Brookhaven Lab and Amazon Web Services announced a partnership to advance GridSearch, an artificial intelligence-powered platform designed to improve how new infrastructure connects to the U.S. electric grid. The collaboration was revealed during the AWS Summit in Washington, D.C., with AWS contributing its cloud computing resources and AI capabilities to help expand the project's development. The effort supports the U.S. Department of Energy's Genesis Mission, which focuses on applying AI to scientific research, energy innovation, and national security.
🔑 Key Highlights
- Brookhaven Lab and AWS announced a GridSearch partnership
- GridSearch evaluates electric grid interconnection locations using AI
- AWS will provide cloud infrastructure and AI expertise
- GridSearch reduces simulation timelines from months to minutes
- Initiative supports the DOE Genesis Mission objectives
Brookhaven Lab said GridSearch is built to improve one of the most time-consuming stages of infrastructure development: electric grid interconnection. The platform analyzes thousands of potential connection points before detailed studies begin, helping identify locations that can accommodate new facilities while limiting disruption to existing grid operations. The project is intended to support AI data centers, energy production sites, and advanced manufacturing facilities that require access to the electrical grid.
At the core of the platform is the Grid Foundation Model, or GridFM, an open-source AI model developed under Linux Foundation Energy. The project includes major contributions from IBM Research, Hydro Quebec, Brookhaven National Laboratory, Stony Brook University, Argonne National Laboratory, and additional participating organizations. According to Brookhaven Lab, GridFM enables electric grid simulations to be completed much faster while maintaining accuracy and reliability.
Brookhaven Lab described GridSearch as an example of using artificial intelligence to improve AI-driven infrastructure planning. Hendrik Hamann, the laboratory's chief AI scientist for Innovation, Science, and Security, said the platform is designed to support stakeholders by improving decision-making during the grid interconnection process while balancing affordability and minimizing effects on the electrical network.

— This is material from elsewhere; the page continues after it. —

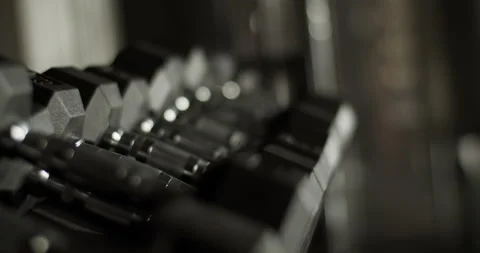 Stack of dumbbells placed on stand in gymnasium Stock Footage 235383493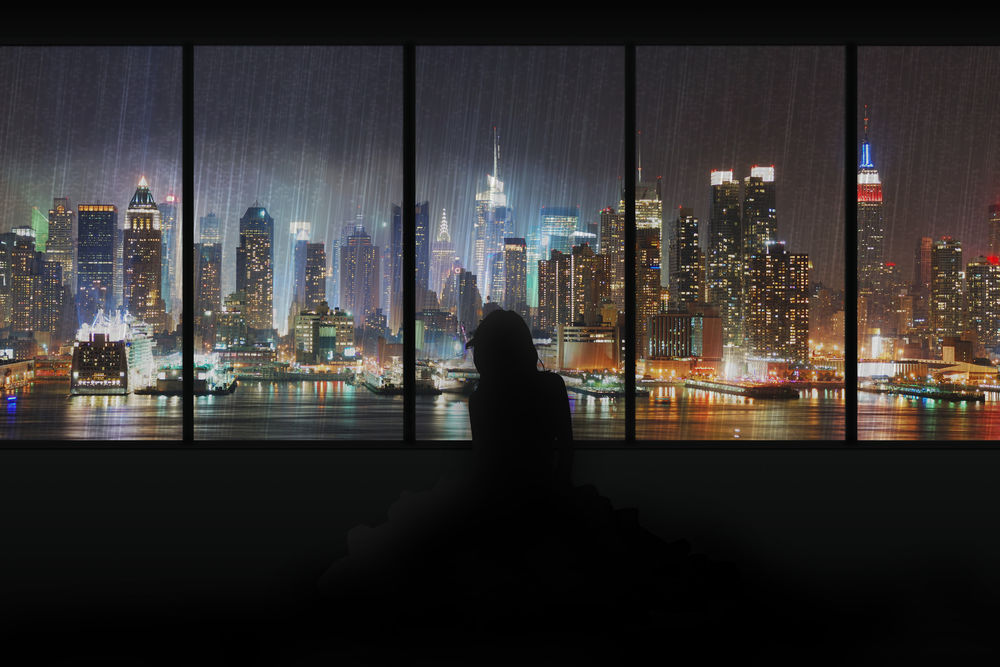 Обои для рабочего стола Силуэт девушки, которая смотрит в окно, на ночной город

The laboratory also noted that simulation work traditionally requiring months can now be completed in minutes through the new approach.

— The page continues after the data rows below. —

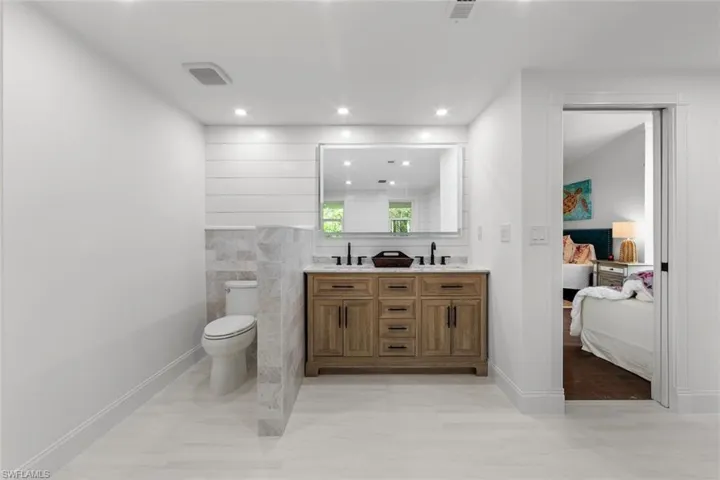 Bathroom featuring toilet, vanity, tile walls, and wood-type flooring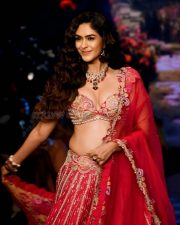 Attractive Mrunal Thakur in a Red Lehenga at Bombay Times Fashion Week Photos 01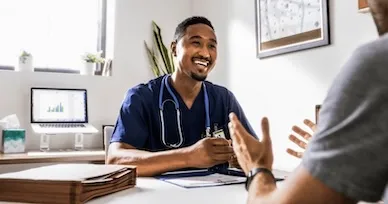 nurse sitting at desk talking to patient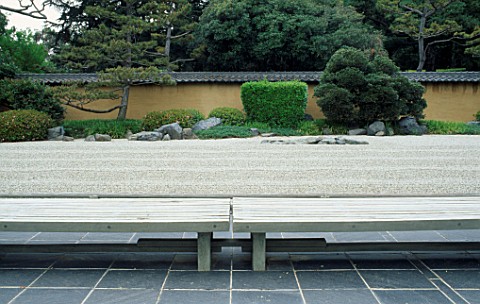 SIMPLE_WOODEN_BENCHES_AND_RAKED_GRAVEL_IN_THE_JAPANESE_ZEN_GARDEN_AT_THE_HUNTINGTON_BOTANICAL_GARDEN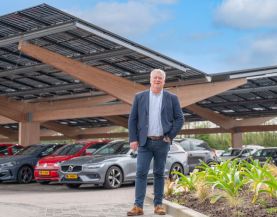 Arno Vredevoort bij de met zonnepanelen overdekte parkeerplaats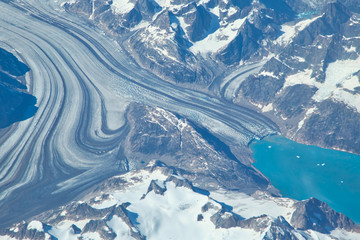 Aerial view of scenic Greenland Glaciers and icebergs © eskystudio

AWS said the collaboration aligns with the Department of Energy's Genesis Mission by applying advanced cloud computing and artificial intelligence to national energy challenges. Under the agreement, AWS will provide the computing environment and technical expertise needed to scale GridSearch across major transmission systems throughout the country. The companies said shortening interconnection timelines from years to months could strengthen energy security, improve infrastructure planning, support economic development, and advance AI-enabled research. The announcement also follows a Memorandum of Understanding between the Department of Energy and AWS covering broader AI and advanced computing initiatives across the department's national laboratories.
📊 What This Means (Our Analysis)
This partnership centers on improving how critical infrastructure reaches the electric grid by combining artificial intelligence with cloud computing resources. Rather than changing the underlying purpose of grid interconnection, the collaboration focuses on making an existing process faster and more efficient through data-driven analysis. That emphasis reflects how AI is increasingly being applied to operational challenges that directly influence research, energy projects, and industrial development.

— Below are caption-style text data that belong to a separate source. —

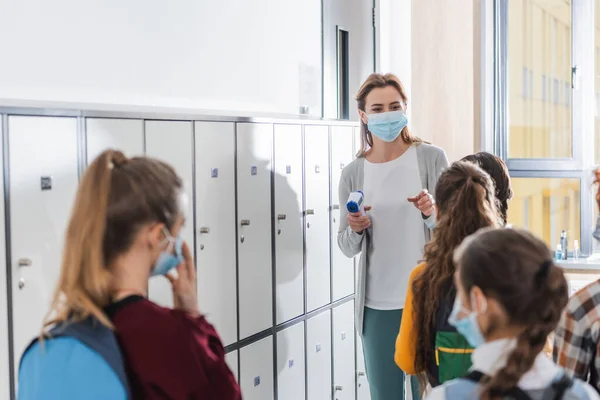 Teacher with infrared thermometer pointing with finger at kids in medical masks on blurred foreground in school — Stock Photo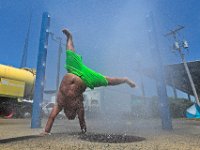 Elijah Garcia, 7, takes shelter from the sweltering heat, by playing at the sprinkler station at Ben Rose Park in New Bedford.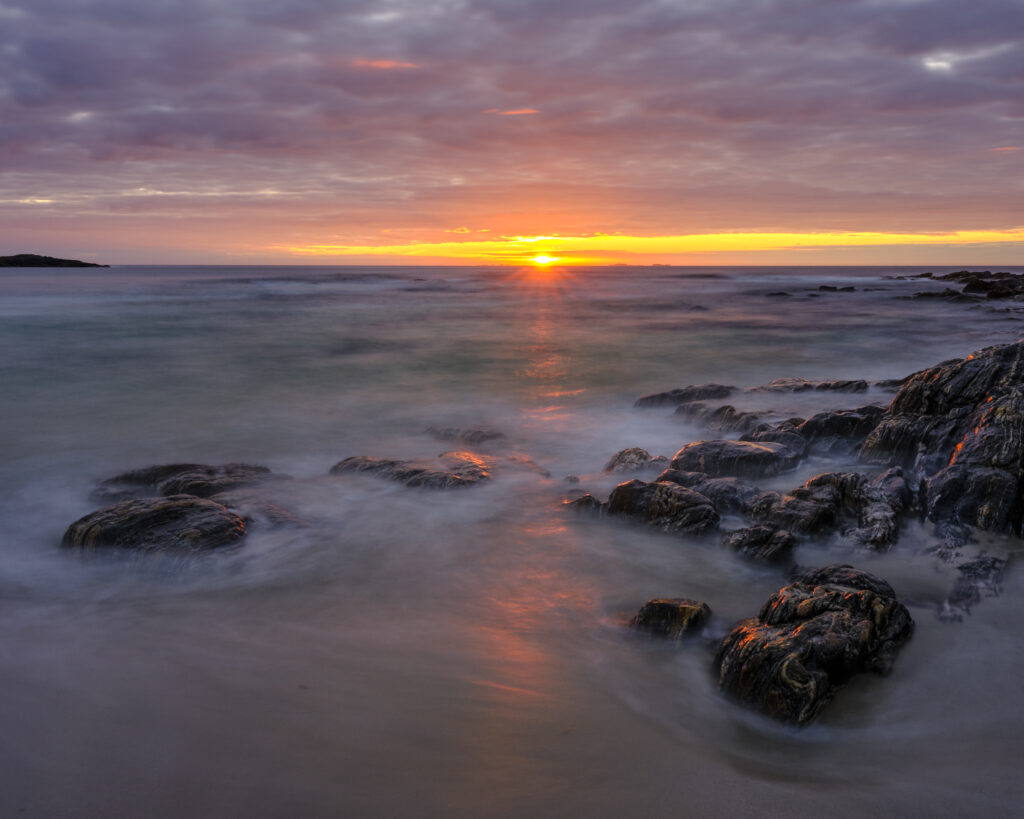 Scotland, Isle of North Uist, Traigh Stir. Sunset at Traigh Stir beach, near Hosta on the Isle of North Uist.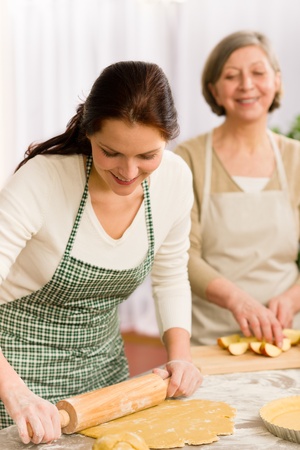 Happy woman making dough for apple pie grandmother drink wineの写真素材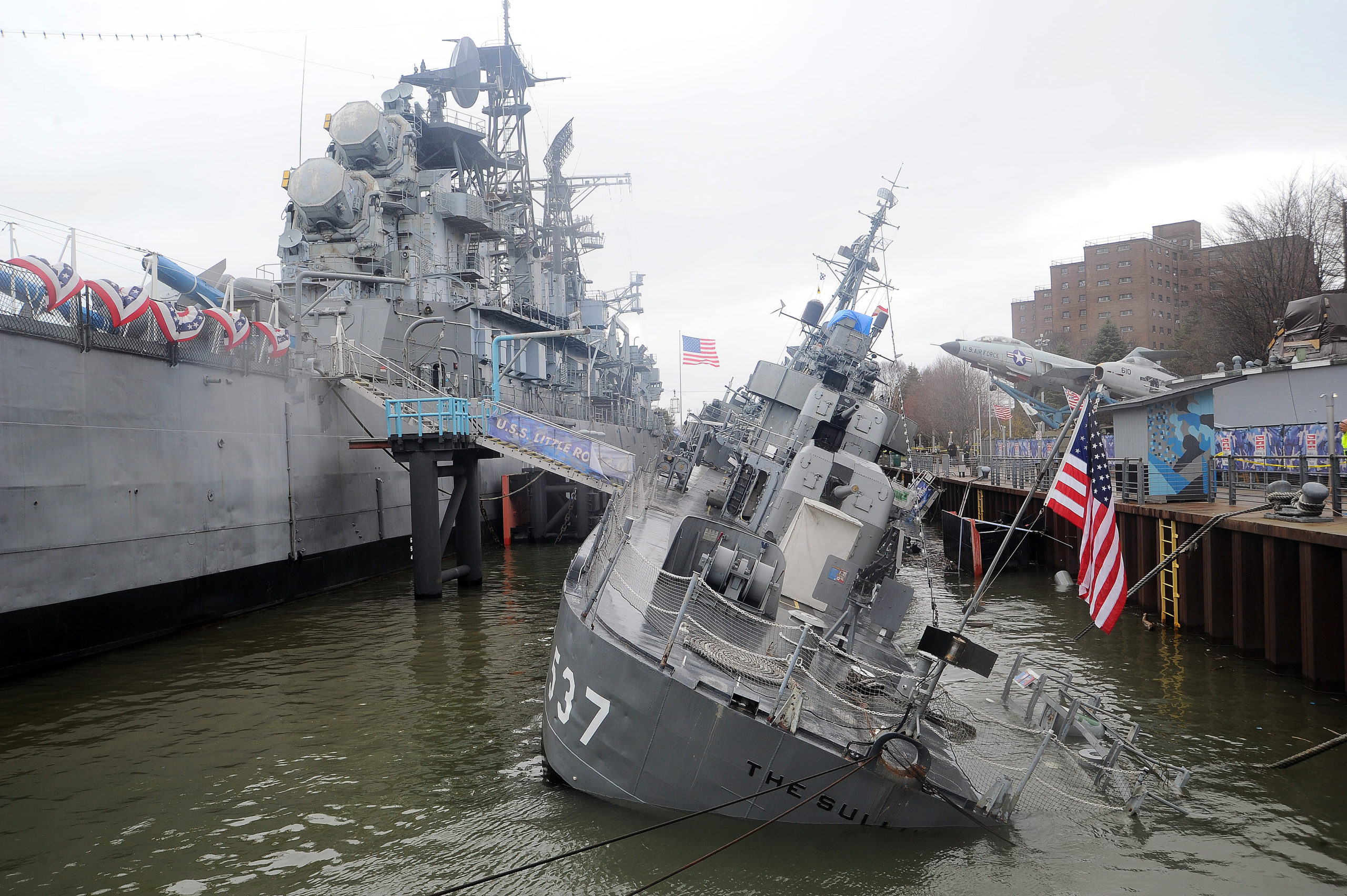 BUFFALO, NY - APRIL 14: The USS Sullivans lists in the Buffalo River on April 14, 2022 in Buffalo, New York. The Sullivans is a retired Fletcher class destroyer and was named in honor of five brothers (George, Francis, Joseph, Madison, and Albert) who lost their lives while on the USS Juneau when it was sunk by a Japanese submarine  during the naval battle of Guadalcanal on November 13,1942. (Photo by John Normile/Getty Images)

The announcement also highlights the role of collaboration across government laboratories, technology companies, universities, and research organizations in advancing shared AI initiatives. By pairing Brookhaven Lab's GridSearch technology with AWS infrastructure, the project aims to expand practical deployment while supporting the Genesis Mission's objectives of accelerating research productivity and strengthening energy-related innovation through artificial intelligence.
📌 Our Take: The success of GridSearch will ultimately depend on how effectively AI can shorten grid connection timelines while maintaining reliable planning for future energy infrastructure.